- Ground Plane
- Quarter-Wave Ground Plane
HOW DOES IT WORK?
Let's recall the dipole from last week. That antenna is center-fed and is 1/2 wavelength long overall. So each radiating half of the antenna is 1/4 wavelength. Further, this is a balanced antenna where each side is being fed a voltage and allows a current to flow. The voltage and current is opposite going to each half.
The quarter-wave ground plane antenna is one half of that dipole and the ground plane acts like a mirror to electrically give the appearance of the other side of the dipole. Most people have seen at least a photograph, if not in person, where a mountain is reflected off of a very still lake or pond. It appears that there is a mountain exactly like the real one but directly below it and upside-down. The same idea applies to the ground plane antenna. The ground plane is the still pond and the vertical monopole is the mountain. To a receiving antenna it looks electrically like a vertical dipole with the bottom half of the dipole being the reflection.
MORE ABOUT THE GROUND PLANE
What make this antenna work the way it does is the ground plane so let's talk a bit more about that. The ground plane acts as a reflector but it doesn't have to be mirror smooth. In fact it doesn't even have to be solid. A typical ground plane is 3 or 4 wires extending more or less horizontally from the base of the vertical element. Because of the size of wavelengths we are dealing with this is sufficient to give the "mirror" effect. Also it's important to note although it may seem obvious that the ground plane is actually kept at ground potential. That means no voltage and no driven current. (There probably is induced current but I haven't studied up on this and I'll leave it for another time.) It also means that this is an unbalanced antenna. Unlike the dipole where we are driving the two elements in equal and opposite directions, with this antenna we are only driving the vertical element and not driving the ground plane.

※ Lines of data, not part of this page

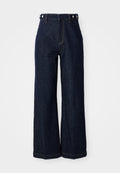 Dunkelblaue, weit geschnittene Jeans aus Denim mit hoher Taille, fünf Taschen und kontrastierendem orangefarbenem Stickmuster.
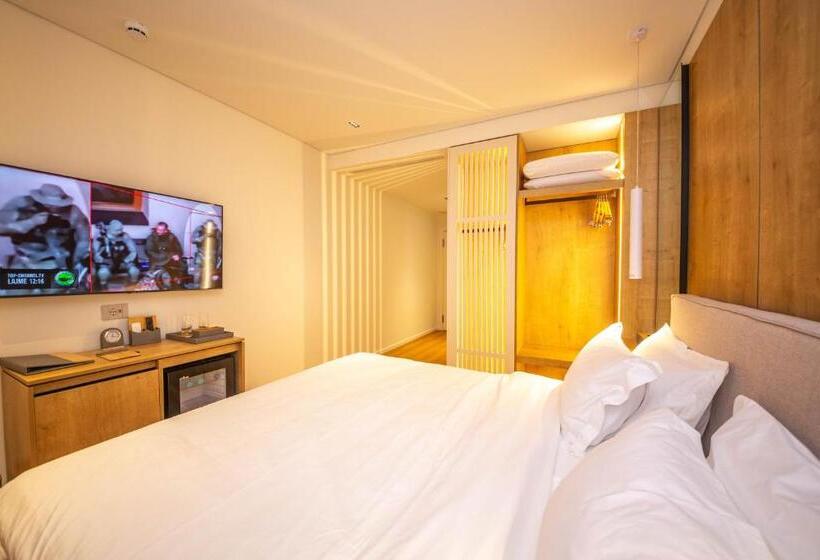 اتاق لوکس با چشم‌انداز دریا, Vale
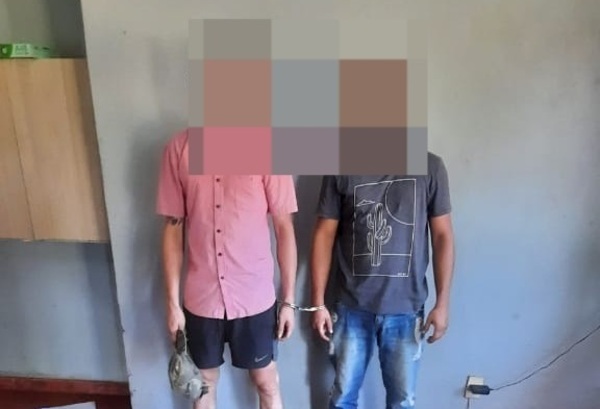 Detienen a dos personas y e incautan evidencias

WHAT DO YOU MEAN "MORE OR LESS HORIZONTAL"?
I didn't say that because we don't care if it's horizontal or not. Although it's true that the ground plane will work even when the elements are not exactly horizontal. But we do care what the angle is because changing this angle changes the feedpoint impedance. This allows us to create an antenna that closely matches the standard 50 Ohm impedance of the unbalanced coax feedline used by amateurs. It turns out that if the ground plane itself is up at least one-half wavelength off the ground (earth, the ground you are standing on) then a horizontal ground plane has an impedance of 22 Ohms. If you tilt the ground plane elements down 45 degrees, the antenna will have an impedance very close to 50 Ohms.
A SIMPLE HOMEMADE QUARTER-WAVE GROUND PLANE
By putting together the elements described above you can make a simple home-made ground plane antenna for 144 MHz out of nothing more than a female UHF connector and some heavy solid copper wire. This was my second homemade antenna (a wire dipole was the first) and I got some very good reports reaching a long distance on low power. You get a UHF connector designed to be attached to a flat plate. It will have a square plate attached with four holes, one at each corner. You simply solder the vertical element which is a measured length of wire to the center conductor of the connector and make small loops on the end of the four ground plane wires, use screws and nuts to hold them in place and solder them as well. The plans are in the ARRL Handbook and the Antenna book and must be online somewhere. I will look for a link and add it.